Never played Eve-Online, but I try to envision this for Pax-Dei. But there is nothing really to compete for. Some pure Iron in the mid, thats it.

Real trading, Politics, Wars, Defending together against world shaking dangers? Right now there is no reason at all to do it. Wonder how Eve-Online hooked so many players and why they are playing still if it is close to Pax-Dei?

And as others said a game where I am just a small tiny servant for a huge clan. No, nothing I want to play. Its to close to the day to day life.
Originally posted by wikario:
Zitat "It's primarily about control of space, resources, war, and politics."

Never played Eve-Online, but I try to envision this for Pax-Dei. But there is nothing really to compete for. Some pure Iron in the mid, thats it.

Real trading, Politics, Wars, Defending together against world shaking dangers? Right now there is no reason at all to do it. Wonder how Eve-Online hooked so many players and why they are playing still if it is close to Pax-Dei?

And as others said a game where I am just a small tiny servant for a huge clan. No, nothing I want to play. Its to close to the day to day life.

The world of Pax Dei is designed to become much larger than it currently is. The mistake everybody is doing is assuming that all you see right now is the finished game. More maps will be added.

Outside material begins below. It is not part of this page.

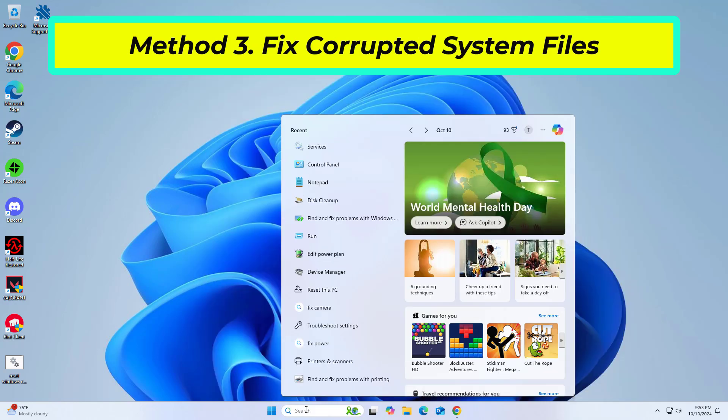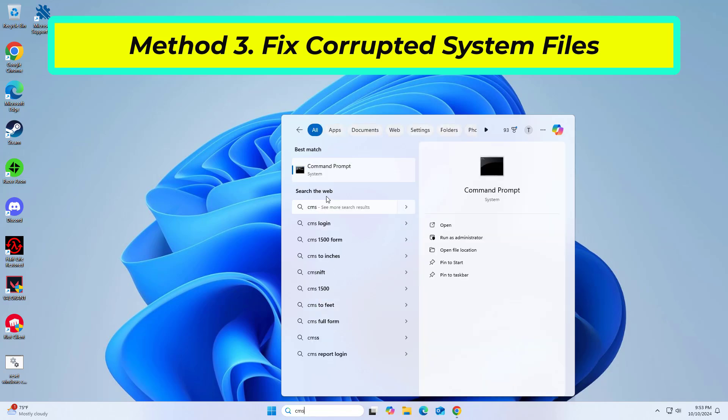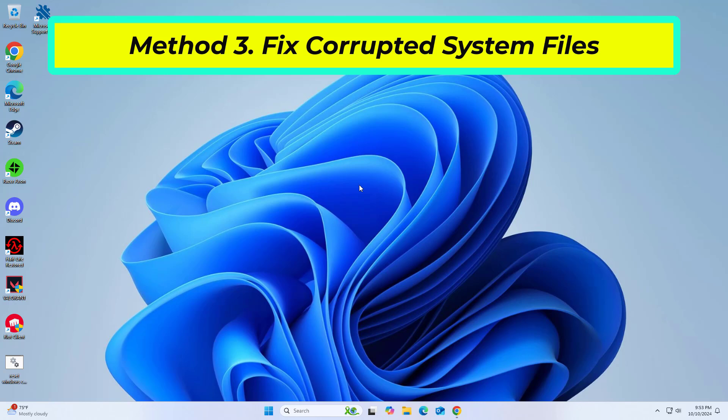Use command prompt commands to repair system file corruption. Right-click Command Prompt and click on Run as Administrator.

Imagine building a castle in the PvP area, then being forced to keep it manned with online players 24/7 just to prevent it from being sieged? To control who has access to pure iron, and ensure your clan isn't cut off? Imagine dominating the market as your clan gets rich selling items made from pure iron? It's all possible concepts you might see one day.

Imagine the politics? Alliances? Espionage? (That's why you have more than one char. Could be used to infiltrate an enemy clan.)
Tachyon Feb 9 @ 7:28am 
Originally posted by ElectroVeeDub:
...Imagine building a castle in the PvP area, then being forced to keep it manned with online players 24/7 just to prevent it from being sieged? To control who has access to pure iron, and ensure your clan isn't cut off? Imagine dominating the market as your clan gets rich selling items made from pure iron? It's all possible concepts you might see one day.

Imagine the politics? Alliances? Espionage? (That's why you have more than one char. Could be used to infiltrate an enemy clan.)

Lol, I have been doing all that in Eve Online since 2007. So really, you're saying this game is just going to be a copy-pasta knock-off of Eve Online, with a fantasy MMO front end, and it's not really bringing anything new to the table whatsoever... and going to take a really, really long time doing it. OK then.
1,000 players for a game still being developed is pretty good. The negativity in this thread seems to ignore most of reality. You really don't need to do a lot of crafting, even with the sparsely populated world its easy to buy gear from other players. Since the world will be brand new when the game is actually released, there is no urgency for players to be online all the time. There are a large number of players that won't even pick this game up until after its actually released. The game does not force you to have more than 5 people, I play sporadically, and almost exclusively solo, but outside of actual dungeons I can basically do anything I want.